LISTED ENTRIES START

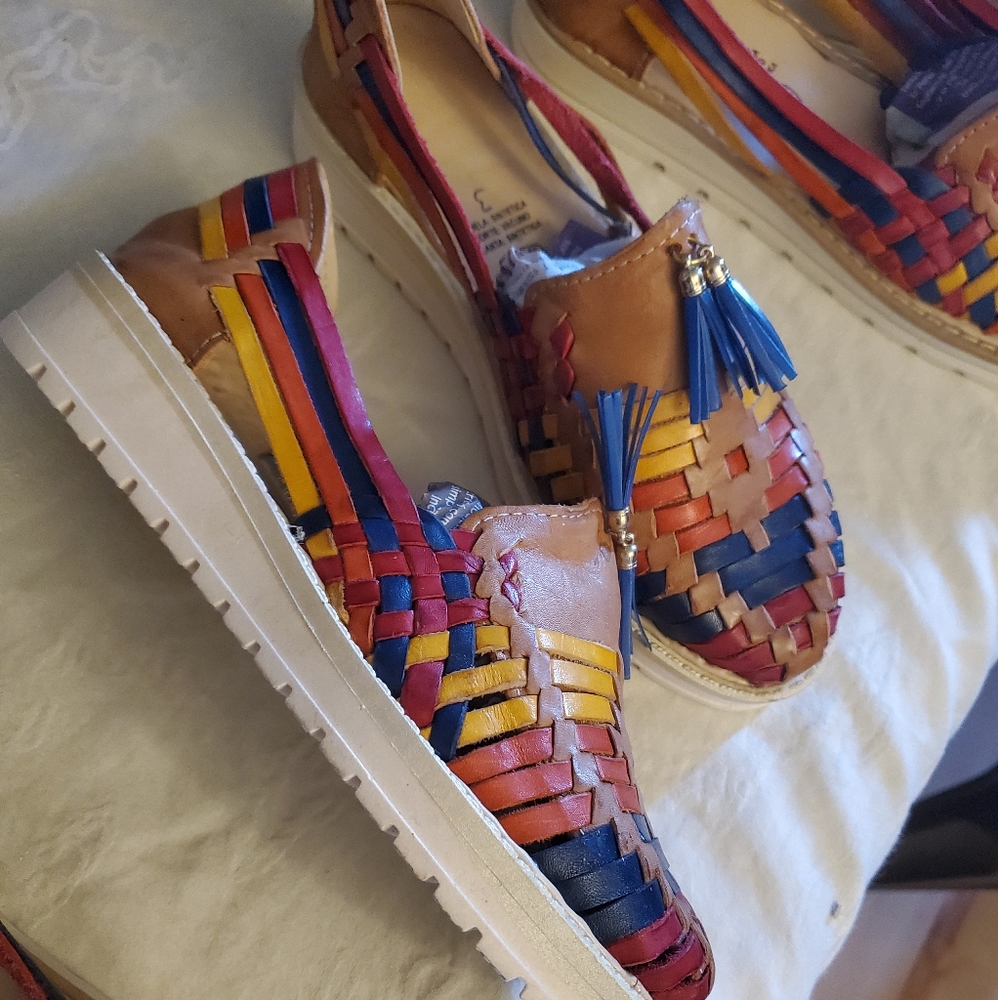 Sandals - Picture 2 of 2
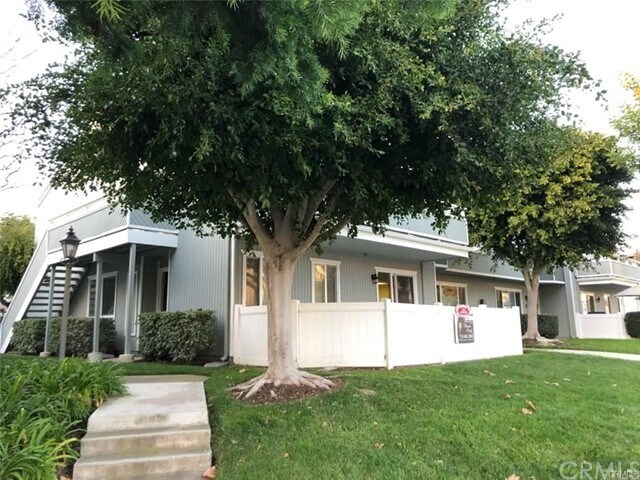 Primary Photo - 34 Seascape Dr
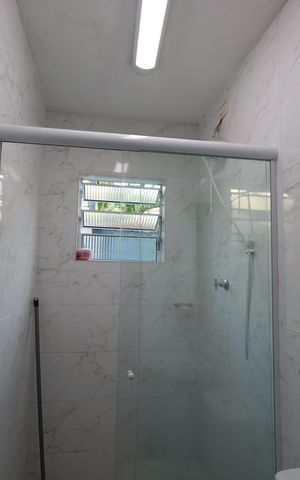 Casa à venda com 330m², 6 quartos e 8 vagasBanheiro da Suíte - Casa 2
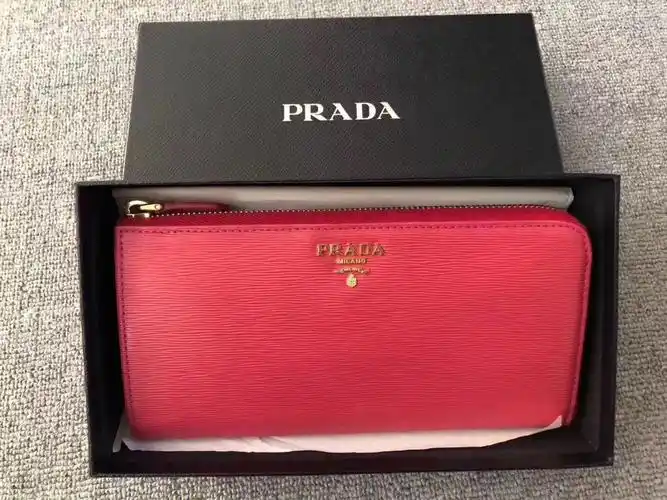prada普拉达女士西瓜红竖纹全皮钱包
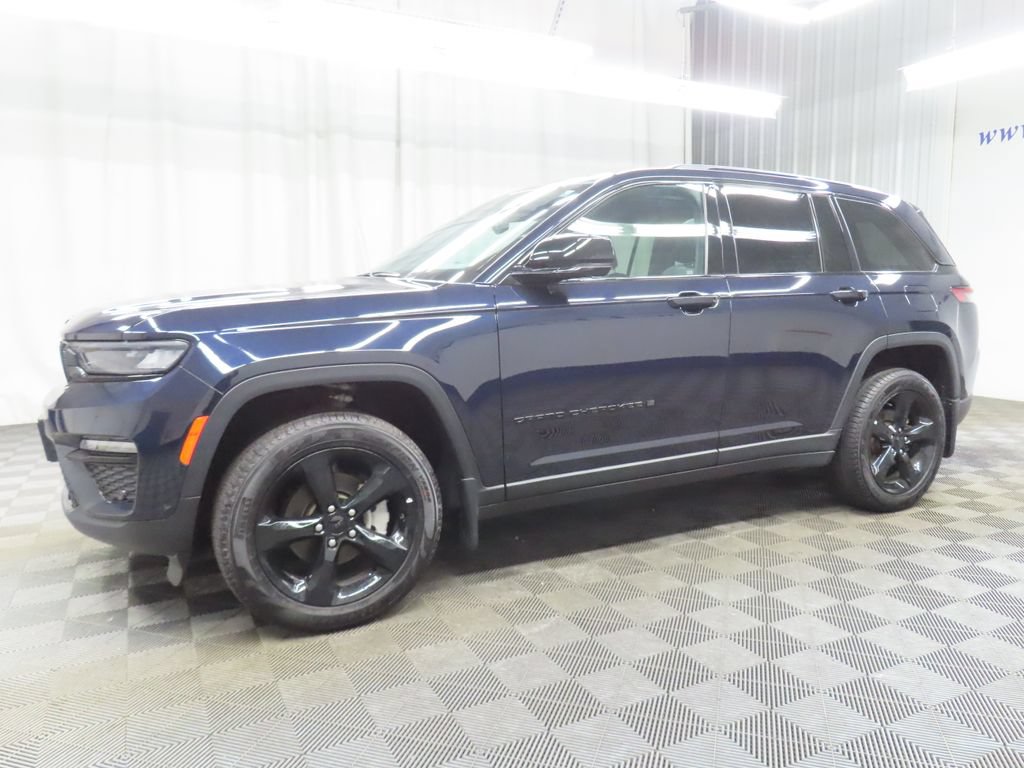 Used 2025 Jeep Grand Cherokee Limited w/ Luxury Tech Group II AWD/4WD image 7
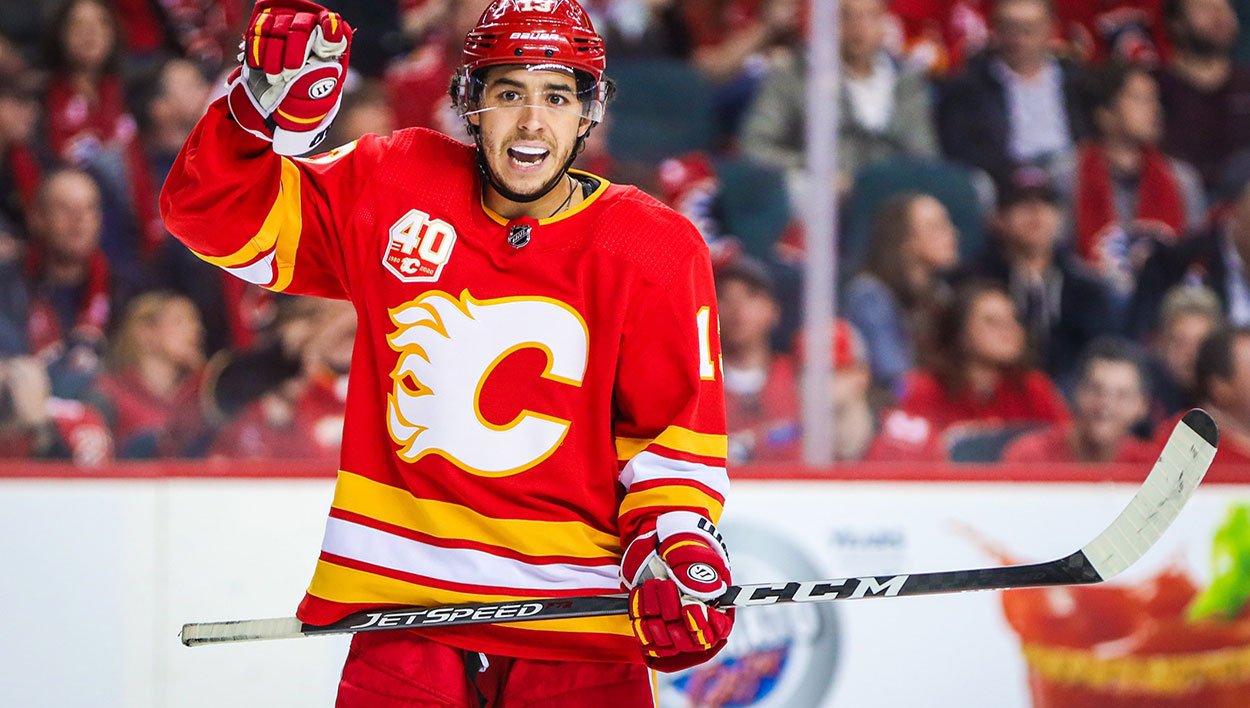 Johnny-Gaudreau-657353586.jpg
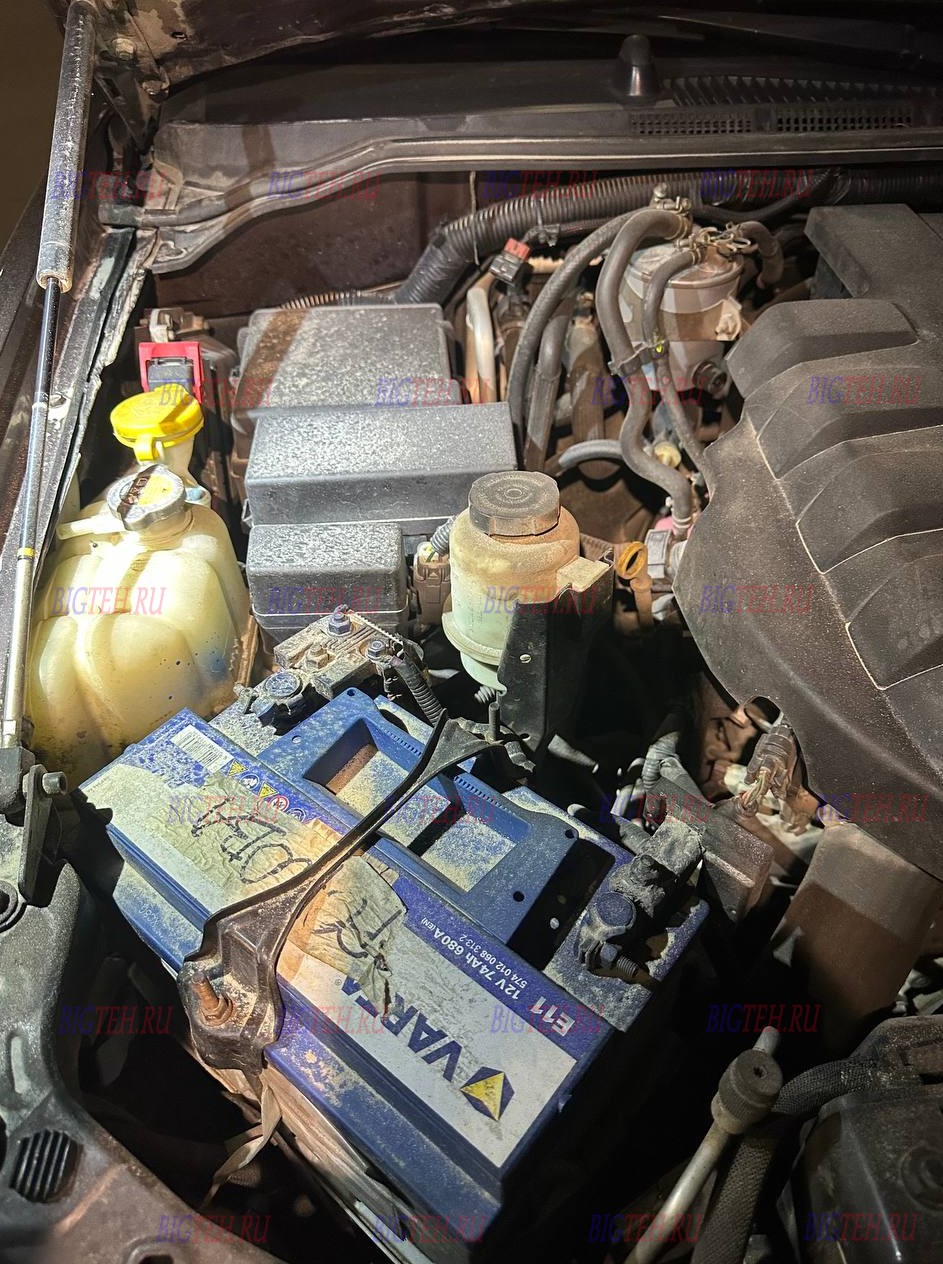 Старый акб. Замена аккумулятора на Nissan Pathfinder R51 diesel 2.5 (190 л.с.) рестайлинг 2010-2014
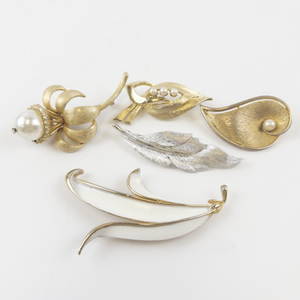 lot 94 image: Vintage Leaf & Pearl Style Gold & Silver Tone Base Metal Brooches.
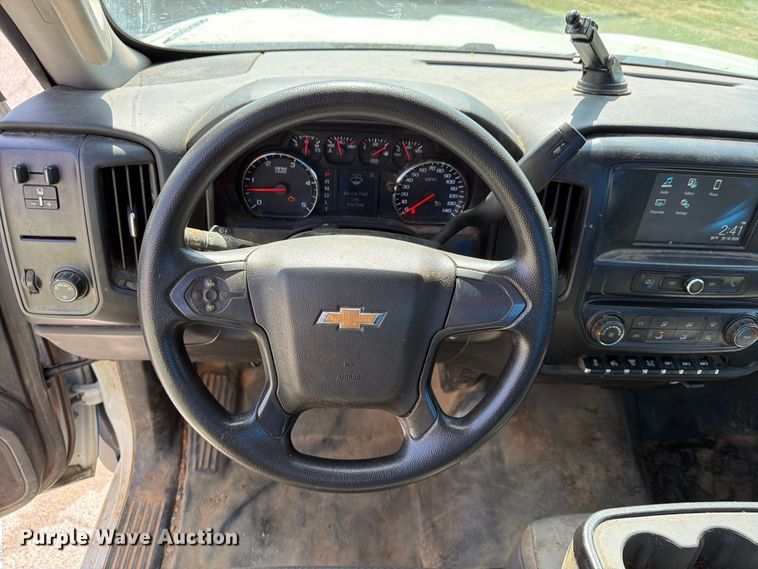 image for item FU4677 2022 Chevrolet Silverado 5500HD flatbed truck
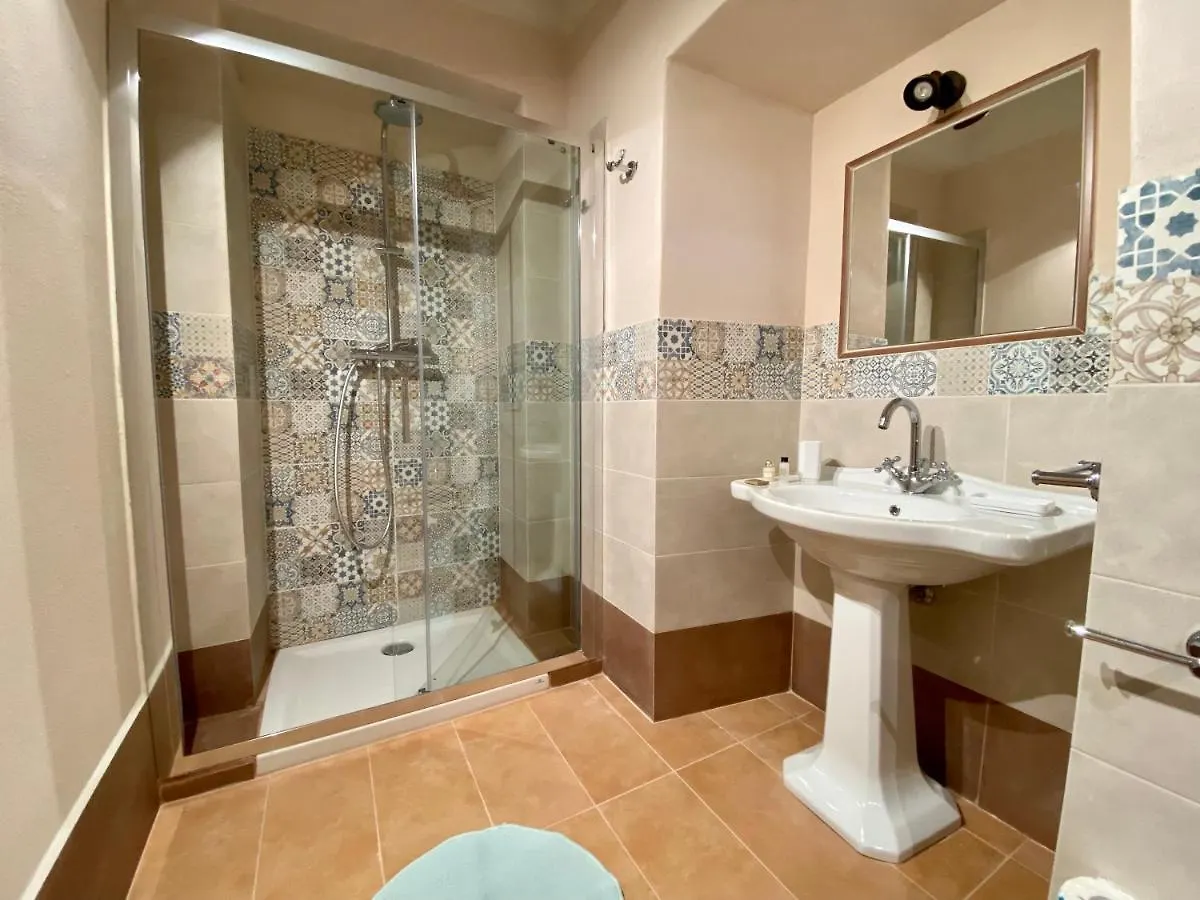 Loft Moorings Bed & Breakfast Barga Italy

LISTED ENTRIES END

AIM OF THE EXERCISE — A verbatim copy of the data, with all pictures omitted, is the required output.

ANSWER TO THIS PROBLEM —
 Sandals - Picture 2 of 2
 Primary Photo - 34 Seascape Dr
 Casa à venda com 330m², 6 quartos e 8 vagasBanheiro da Suíte - Casa 2
prada普拉达女士西瓜红竖纹全皮钱包
 Used 2025 Jeep Grand Cherokee Limited w/ Luxury Tech Group II AWD/4WD image 7
 Johnny-Gaudreau-657353586.jpg
 Старый акб. Замена аккумулятора на Nissan Pathfinder R51 diesel 2.5 (190 л.с.) рестайлинг 2010-2014
 lot 94 image: Vintage Leaf & Pearl Style Gold & Silver Tone Base Metal Brooches.
 image for item FU4677 2022 Chevrolet Silverado 5500HD flatbed truck
 Loft Moorings Bed & Breakfast Barga Italy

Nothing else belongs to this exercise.